Clinical Impact of Supraclavicular Lymph Node Involvement of Stage IIIC Non-Small Cell Lung Cancer Patients

Medicina 2021, 57(3), 301; https://doi.org/10.3390/medicina57030301
by Sunmin Park, Won Sup Yoon, Mi Hee Jang and Chai Hong Rim *
Reviewer 1: Anonymous
Reviewer 2: Anonymous
Medicina 2021, 57(3), 301; https://doi.org/10.3390/medicina57030301
Submission received: 5 February 2021 / Revised: 16 March 2021 / Accepted: 19 March 2021 / Published: 23 March 2021
(This article belongs to the Special Issue Modern Radiotherapy in Current Oncology)

Round 1

Reviewer 1 Report

This paper reviewed the patients with stage IIIC NSCLC and suggested the unfavorable clinical impact of supraclavicular LN metastasis (SCN) on cause-specific survival and local control. 

   The authors present their institutional outcomes properly, supporting their conclusion despite this study's limitations. However, the small size of this study limits the clinical relevance of their findings.

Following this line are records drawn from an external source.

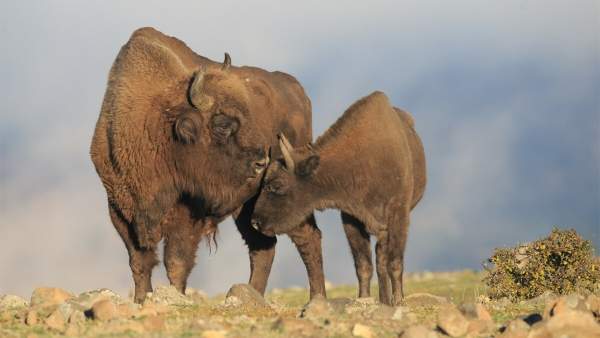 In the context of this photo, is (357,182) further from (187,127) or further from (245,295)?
(187,127)

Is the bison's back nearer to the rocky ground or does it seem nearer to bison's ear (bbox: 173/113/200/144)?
bison's ear (bbox: 173/113/200/144)

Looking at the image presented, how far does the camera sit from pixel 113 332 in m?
8.98

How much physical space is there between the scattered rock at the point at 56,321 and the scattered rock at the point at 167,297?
7.25 ft

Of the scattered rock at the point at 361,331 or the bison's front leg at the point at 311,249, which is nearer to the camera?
the scattered rock at the point at 361,331

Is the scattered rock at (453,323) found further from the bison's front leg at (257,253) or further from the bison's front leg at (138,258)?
the bison's front leg at (257,253)

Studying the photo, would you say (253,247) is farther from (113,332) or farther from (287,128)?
(113,332)

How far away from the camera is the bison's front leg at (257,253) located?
50.2 feet

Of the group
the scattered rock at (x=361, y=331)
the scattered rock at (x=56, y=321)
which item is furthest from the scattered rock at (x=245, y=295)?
the scattered rock at (x=361, y=331)

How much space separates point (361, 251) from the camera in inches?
578

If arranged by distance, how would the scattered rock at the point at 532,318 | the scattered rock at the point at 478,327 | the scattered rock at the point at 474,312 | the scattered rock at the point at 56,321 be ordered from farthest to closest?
the scattered rock at the point at 532,318
the scattered rock at the point at 474,312
the scattered rock at the point at 56,321
the scattered rock at the point at 478,327

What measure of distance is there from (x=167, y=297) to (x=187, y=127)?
217cm

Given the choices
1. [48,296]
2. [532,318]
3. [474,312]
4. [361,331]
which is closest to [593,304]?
[532,318]

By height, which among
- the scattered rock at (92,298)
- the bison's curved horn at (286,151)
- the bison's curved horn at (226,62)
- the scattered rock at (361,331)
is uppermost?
the bison's curved horn at (226,62)

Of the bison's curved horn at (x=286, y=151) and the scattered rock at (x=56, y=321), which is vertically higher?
the bison's curved horn at (x=286, y=151) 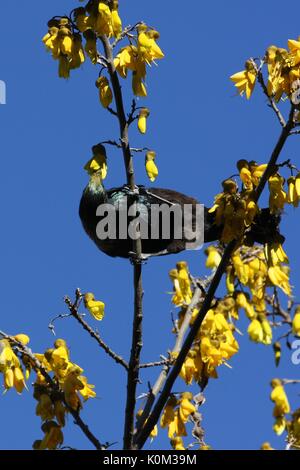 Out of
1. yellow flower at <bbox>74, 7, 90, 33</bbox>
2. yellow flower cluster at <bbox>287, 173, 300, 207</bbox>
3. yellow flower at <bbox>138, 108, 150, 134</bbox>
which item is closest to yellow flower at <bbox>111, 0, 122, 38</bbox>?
yellow flower at <bbox>74, 7, 90, 33</bbox>

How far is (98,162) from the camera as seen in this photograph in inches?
188

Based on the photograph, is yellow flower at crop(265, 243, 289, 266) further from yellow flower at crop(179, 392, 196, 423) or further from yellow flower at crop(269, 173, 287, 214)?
yellow flower at crop(179, 392, 196, 423)

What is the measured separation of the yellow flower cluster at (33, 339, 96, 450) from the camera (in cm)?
412

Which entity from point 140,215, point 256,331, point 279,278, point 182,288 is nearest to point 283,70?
point 279,278

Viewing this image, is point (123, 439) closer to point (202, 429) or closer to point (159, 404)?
point (159, 404)

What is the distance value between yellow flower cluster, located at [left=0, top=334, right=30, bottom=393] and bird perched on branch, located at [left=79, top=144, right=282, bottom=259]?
1687 millimetres

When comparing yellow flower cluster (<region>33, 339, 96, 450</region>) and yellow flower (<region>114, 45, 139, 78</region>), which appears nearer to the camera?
yellow flower cluster (<region>33, 339, 96, 450</region>)

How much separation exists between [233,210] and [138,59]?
774 mm

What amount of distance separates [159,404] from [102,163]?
1.06 meters

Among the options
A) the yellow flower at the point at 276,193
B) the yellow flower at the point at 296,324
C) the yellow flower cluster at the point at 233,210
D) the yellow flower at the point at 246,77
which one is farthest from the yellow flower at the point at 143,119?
the yellow flower at the point at 296,324

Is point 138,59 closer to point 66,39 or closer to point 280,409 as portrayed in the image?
point 66,39

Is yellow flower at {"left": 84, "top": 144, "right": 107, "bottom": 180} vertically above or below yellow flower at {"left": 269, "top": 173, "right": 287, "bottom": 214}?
above

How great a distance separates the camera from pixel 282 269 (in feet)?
16.5

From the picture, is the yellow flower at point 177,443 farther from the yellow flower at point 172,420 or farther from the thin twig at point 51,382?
the thin twig at point 51,382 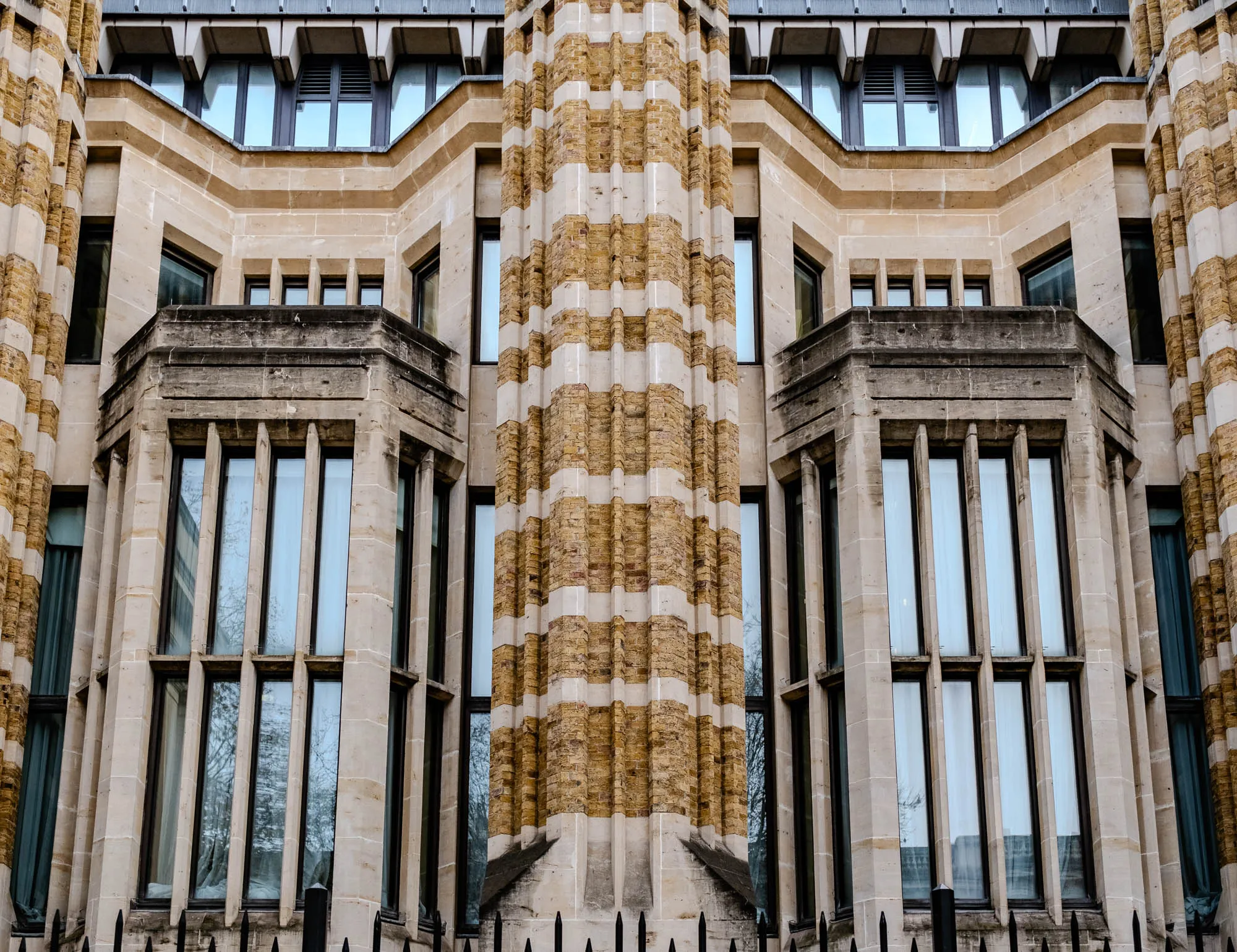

As the authors commented in the discussion, Oh et al. already reported the insignificant effect of SCN with a large study size compared to this study.  But this paper concluded that SCN is a significant factor affecting CSS and LC rate even analyzed small patients numbers. If the authors would like to insist on the clinical impact of SCN, they should present the concrete supporting data compared to that of Oh's study. Otherwise, the authors must tone down their conclusions. The paper would be more clear if it compares clinical characteristics between patients with SCN and non-SCN. 

Author Response

Reviewer 1

This paper reviewed the patients with stage IIIC NSCLC and suggested the unfavorable clinical impact of supraclavicular LN metastasis (SCN) on cause-specific survival and local control. 

The authors present their institutional outcomes properly, supporting their conclusion despite this study's limitations. However, the small size of this study limits the clinical relevance of their findings. As the authors commented in the discussion, Oh et al. already reported the insignificant effect of SCN with a large study size compared to this study.  But this paper concluded that SCN is a significant factor affecting CSS and LC rate even analyzed small patients numbers. If the authors would like to insist on the clinical impact of SCN, they should present the concrete supporting data compared to that of Oh's study. Otherwise, the authors must tone down their conclusions. The paper would be more clear if it compares clinical characteristics between patients with SCN and non-SCN.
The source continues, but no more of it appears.